In the news today again is the Cartagena scandal involving some secret service agents who partied and solicited prostitutes the day before President’s Obama arrival in Colombia. The agents had been assigned to prepare Obama’s visit to the Summit of the Americas.
If one of the agents had not been so cheap as to resist paying the prostitute what he owed her, this may have never become news.
What is interesting is in how many directions this news story goes.
Sen. Susan Collins of Maine, the senior Republican on the Homeland Security Committee, and Rep.
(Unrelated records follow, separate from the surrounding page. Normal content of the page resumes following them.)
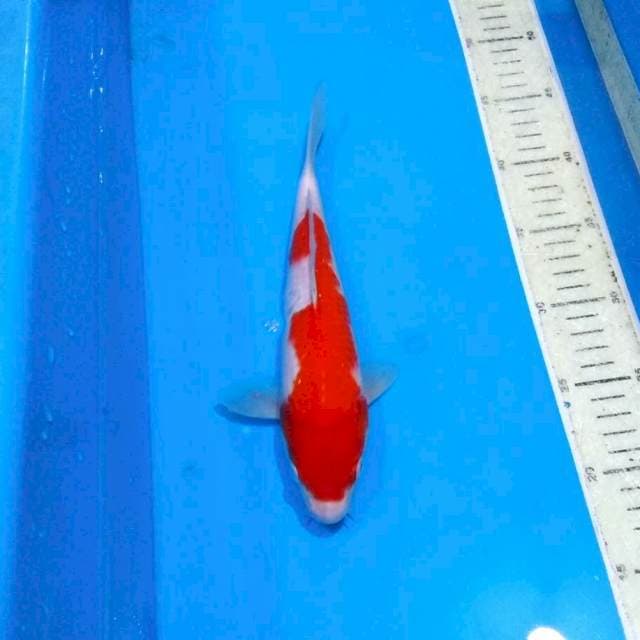 Kohaku merah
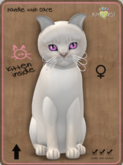 KittyCatS Box - Abyssinian - Creme Female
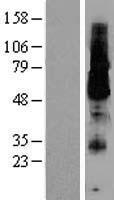 KCNK18 Human Over-expression Lysates NM_181840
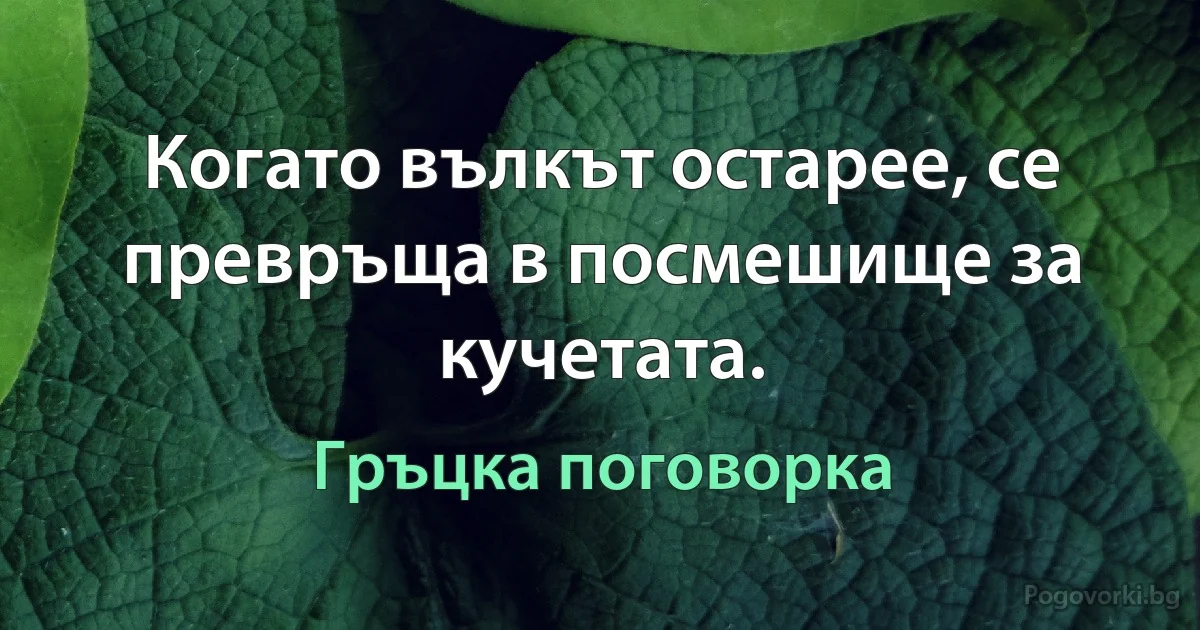 Когато вълкът остарее, се превръща в посмешище за кучетата. (Гръцка поговорка)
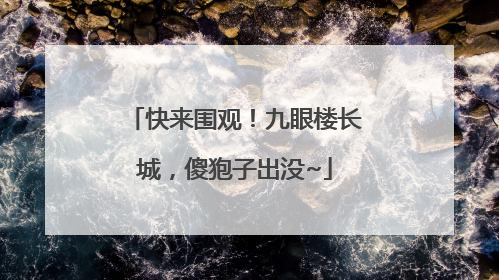 快来围观！九眼楼长城，傻狍子出没~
Carolyn Maloney, D-N.Y., both said that more female Secret Service agents might help guard against such incidents from happening again.
"I can't help but wonder if there had been more women as part of that detail, if this ever would have happened," Collins said on ABC's "This Week."
cross-posted at
immizen.com
According to Maloney only 11 percent of the Secret Service's agents are women. But I wonder, what did they mean exactly by women agent guarding against these types of incidents? I am all for seeing more women join the ranks of the secret service and don’t understand the discrimination there, but their duty should not be to babysit men with frat boy syndrome. I expect women agents to be assigned the same duties as the guys - and that does not include playing chaperone.
And then there is of course none other than Sarah Palin herself blaming Obama for the scandal and claiming that this happened because of his "poor management skills".
Really? Palin cannot hold back. If there is the slightest opportunity to pin blame on Obama, however ridiculous those reasons may be, she will go for it.